While循环显示结果3次

Question

Basicly I'm trying to make a simple news feed but I'm stuck at the moment as my while loop display the result 3 times, why is this? :/

<?php 
$sql ="SELECT
            *
        FROM
            news,
            admins";
$result = mysql_query($sql);

if(!$result)
{
    echo 'Error while selecting from database. Please contact the administration team';
} else {
    while($row = mysql_fetch_assoc($result))
    {
        echo '
        <div class="content_news">
            <h1>' . $row['news_name'] . '</h1>
            <p style="font-size:12px;">Posted by <b>' . $row['admin_name'] . '</b> on ' . $row['news_date'] . '
            <p>' . $row['news_description'] . '</p>
            <a href="' . $row['news_link'] . '">read more</a>
        </div>
        ';
    }
}

?>

If you'd like to see what I am talking about: http://freewallpaperblog.com/freshrp/

Ignore the last 2(those are static html not php)

Answer 1

You either have 3 admins or 3 rows of news. Your query makes a direct multiplication between tables. Try "left join" instead...

Answer 2

your query selects data from 2 tables ( news , admins ) so it joins every row of 1st table with every row of 2nd table

SELECT * FROM news, admins

i recommend you to use following query

SELECT news.*, admins.admin_name FROM news
INNER JOIN admins ON news.admin_id = admins.id

where admin_id is your correct column name

Answer 3

SELECT * FROM news
INNER JOIN admins ON admins.id = news.adminid

Or whatever adminid is in the news table.

Answer 4

Try the following query:

 SELECT
                *
            FROM
                news
    Inner join admins on news.admin_id = admins.id

Answer 5

You made no JOIN statement in your SQL, as someone else has already commented on in your question.

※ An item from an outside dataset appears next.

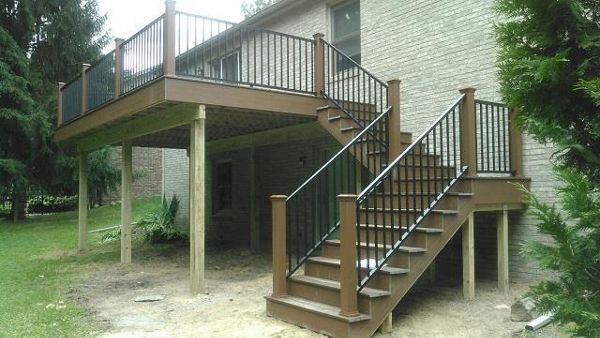 Transcends Decking With Reveal Railing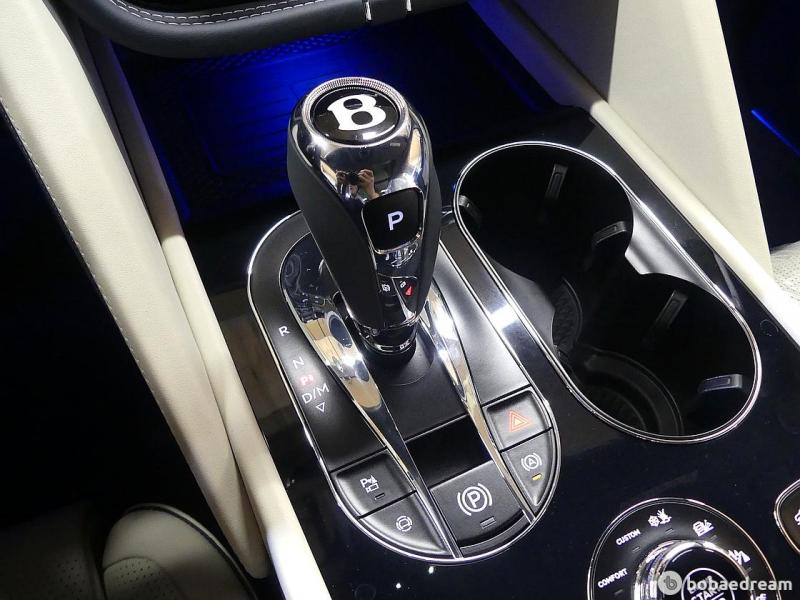2024 Bentley Used Car photo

It would help if you posted the associated fields you're grabbing, but based on your $row keys, my best guess is the following should work for you (but I can't promise it will without knowing how your database is designed, I can only infer from the variable names):

$sql = "SELECT news.name, news.date, news.description, news.link, admins.name"
. "FROM news"
. "INNER JOIN admins"
. "ON news.name=admins.name"

References:

http://www.w3schools.com/sql/sql_join_inner.asp

http://www.w3schools.com/sql/sql_join_left.asp

http://dev.mysql.com/doc/refman/5.0/en/join.html